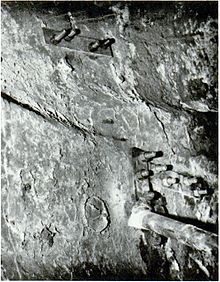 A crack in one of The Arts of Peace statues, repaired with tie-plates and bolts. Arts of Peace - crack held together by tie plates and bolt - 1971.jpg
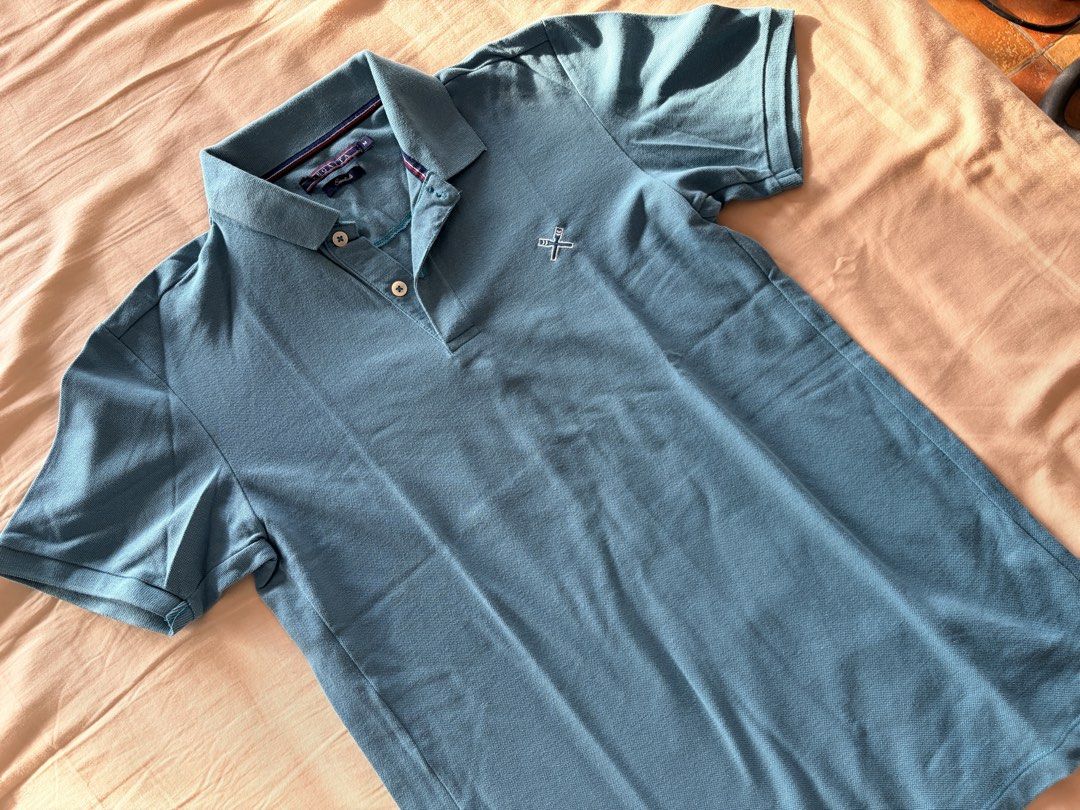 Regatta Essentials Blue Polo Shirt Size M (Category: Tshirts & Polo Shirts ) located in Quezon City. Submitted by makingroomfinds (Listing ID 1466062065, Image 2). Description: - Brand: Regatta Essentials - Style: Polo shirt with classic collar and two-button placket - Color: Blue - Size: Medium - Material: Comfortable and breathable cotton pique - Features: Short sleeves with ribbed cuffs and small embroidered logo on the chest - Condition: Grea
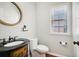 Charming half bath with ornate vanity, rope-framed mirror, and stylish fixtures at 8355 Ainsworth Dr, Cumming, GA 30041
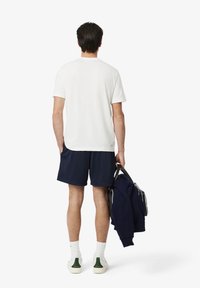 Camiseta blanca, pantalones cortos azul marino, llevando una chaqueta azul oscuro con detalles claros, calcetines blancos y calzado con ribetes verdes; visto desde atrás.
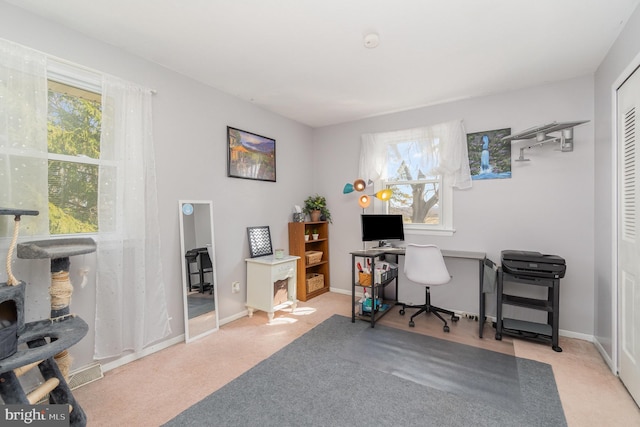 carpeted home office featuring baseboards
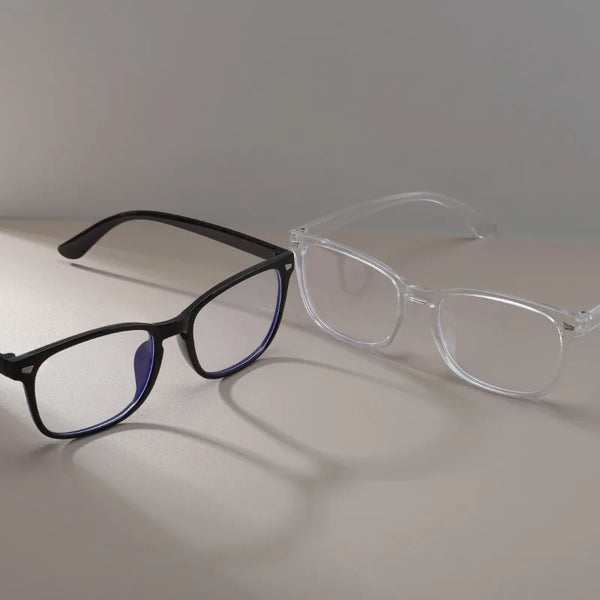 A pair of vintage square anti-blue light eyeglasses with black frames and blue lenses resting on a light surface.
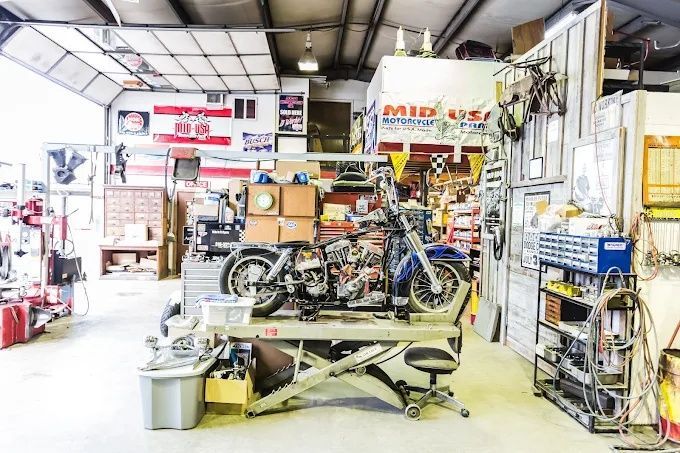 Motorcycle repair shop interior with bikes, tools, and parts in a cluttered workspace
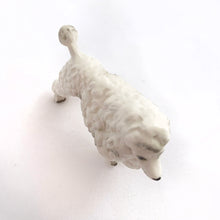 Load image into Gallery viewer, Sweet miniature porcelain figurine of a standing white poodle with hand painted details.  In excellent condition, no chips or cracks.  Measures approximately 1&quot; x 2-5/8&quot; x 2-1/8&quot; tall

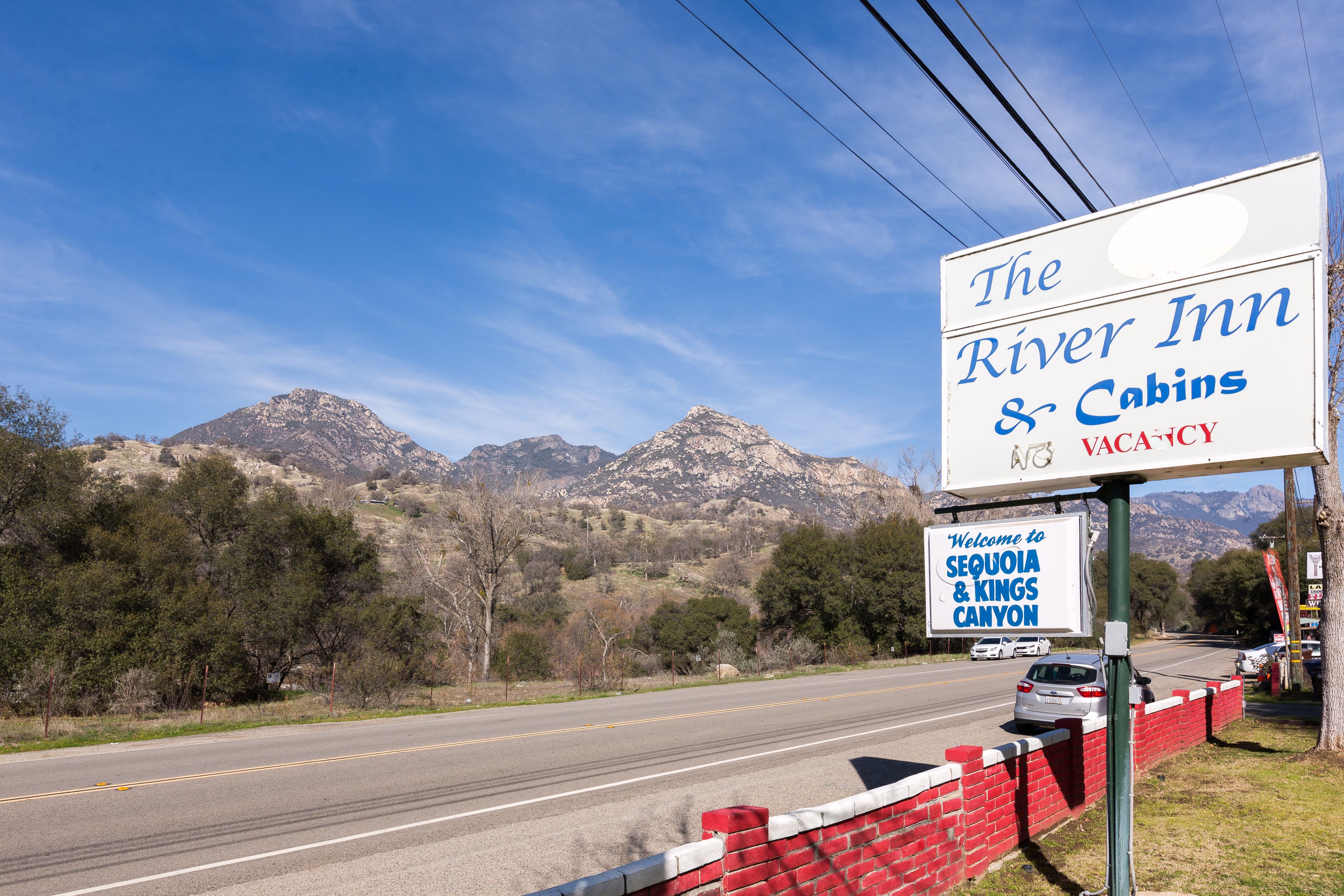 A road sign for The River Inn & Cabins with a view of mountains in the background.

▸ **Brief**:
Starting at the line that contains "carpeted home office featuring baseboards", transcribe each line through the last one of the entries above, exactly and without pictures.

▸ **Exercise result**:
 carpeted home office featuring baseboards
 A pair of vintage square anti-blue light eyeglasses with black frames and blue lenses resting on a light surface.
 Motorcycle repair shop interior with bikes, tools, and parts in a cluttered workspace
 Load image into Gallery viewer, Sweet miniature porcelain figurine of a standing white poodle with hand painted details.  In excellent condition, no chips or cracks.  Measures approximately 1&quot; x 2-5/8&quot; x 2-1/8&quot; tall

 A road sign for The River Inn & Cabins with a view of mountains in the background.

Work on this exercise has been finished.